--- ASSIGNED TASK ---
Pictures stay out; everything else in the listing below is to be restated word for word.

--- SOURCE RECORDS ---
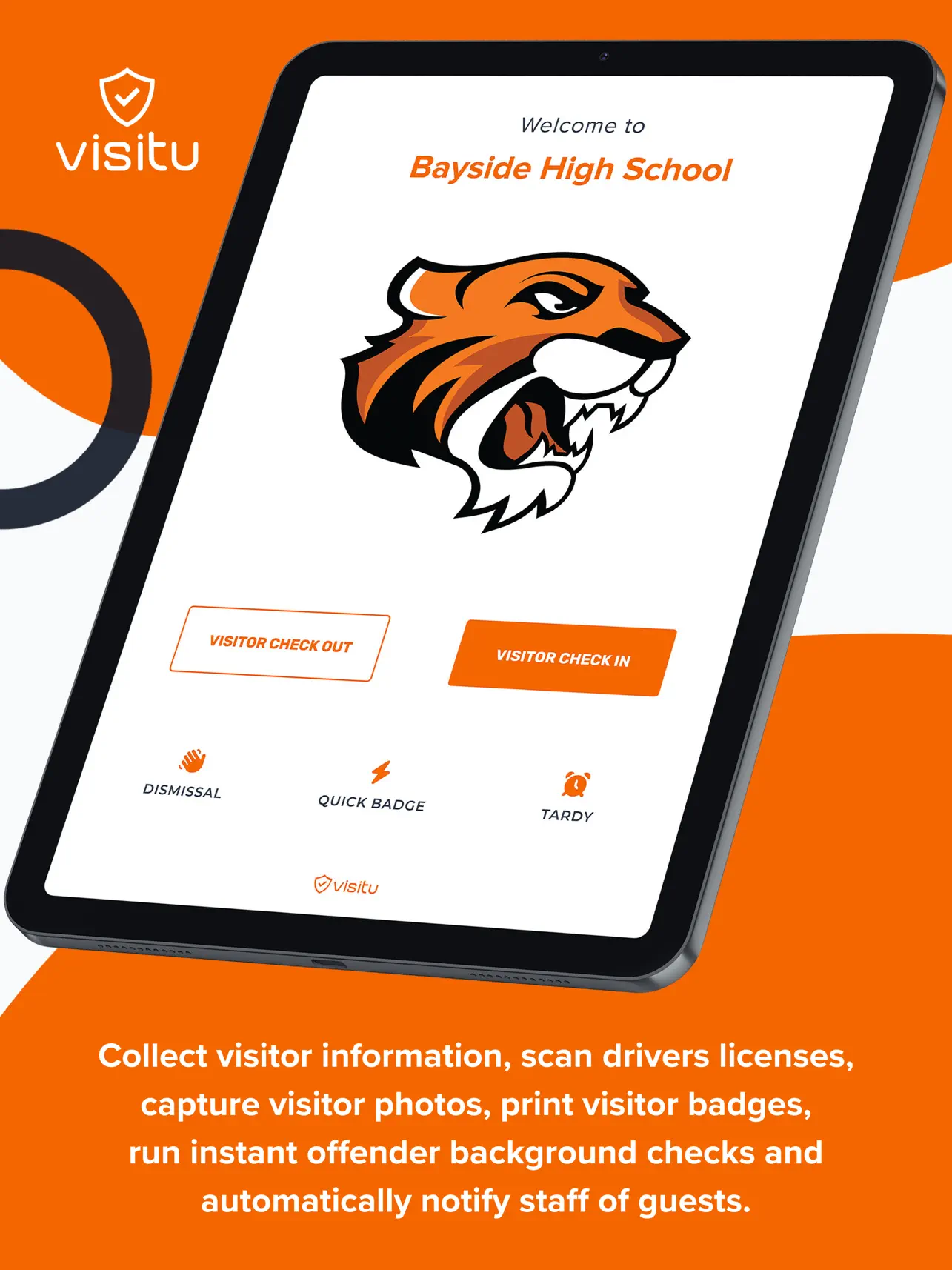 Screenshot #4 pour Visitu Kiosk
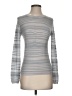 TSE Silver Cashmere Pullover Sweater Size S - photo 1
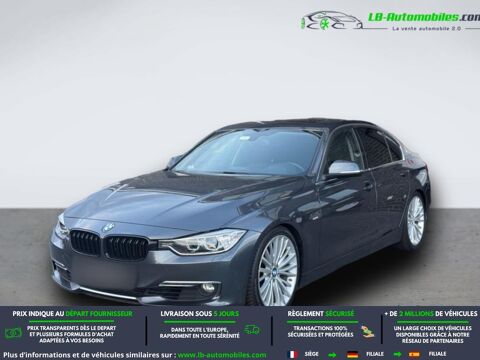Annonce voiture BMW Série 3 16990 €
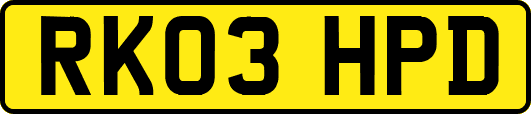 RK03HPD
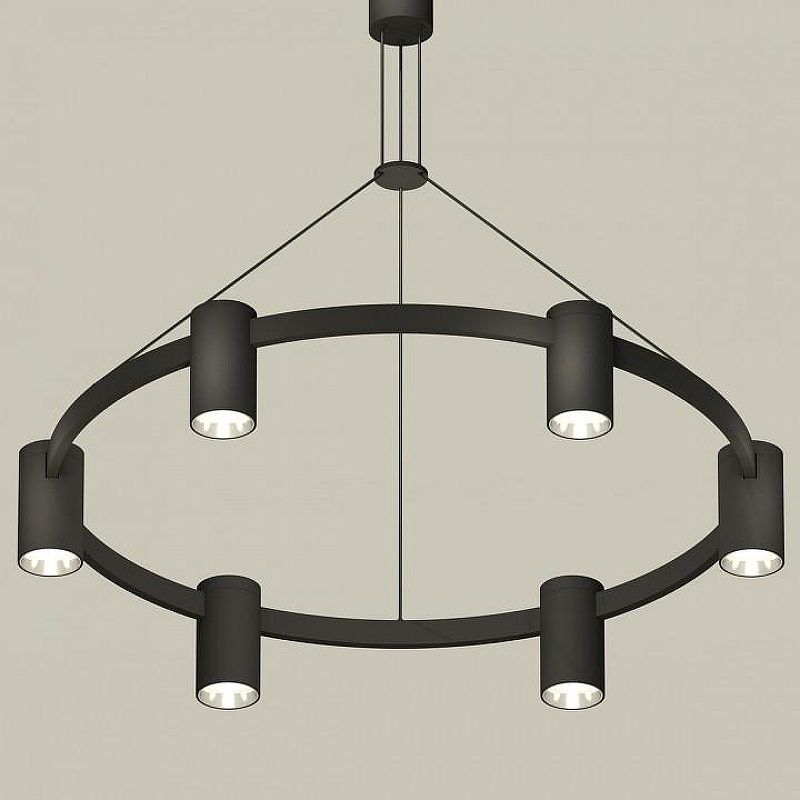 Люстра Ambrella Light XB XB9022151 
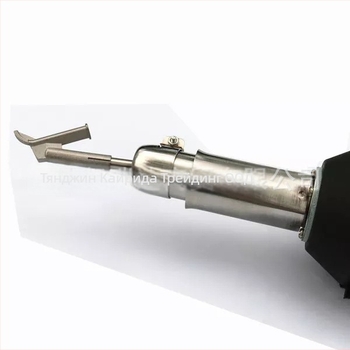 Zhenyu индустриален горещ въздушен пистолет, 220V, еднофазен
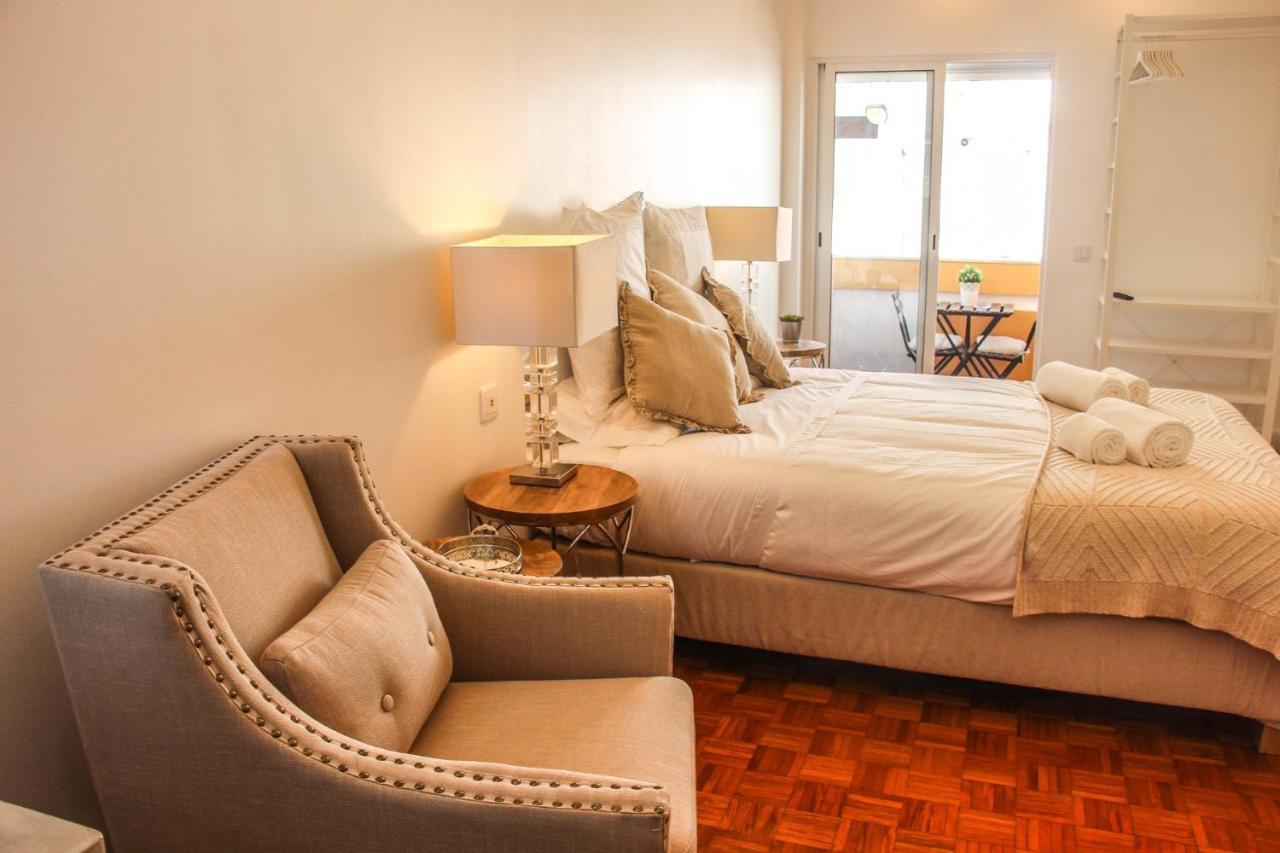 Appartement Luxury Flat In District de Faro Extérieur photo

--- COMPLETED EXERCISE ---
 Screenshot #4 pour Visitu Kiosk
 TSE Silver Cashmere Pullover Sweater Size S - photo 1
Annonce voiture BMW Série 3 16990 €
 RK03HPD
 Люстра Ambrella Light XB XB9022151 
 Zhenyu индустриален горещ въздушен пистолет, 220V, еднофазен
 Appartement Luxury Flat In District de Faro Extérieur photo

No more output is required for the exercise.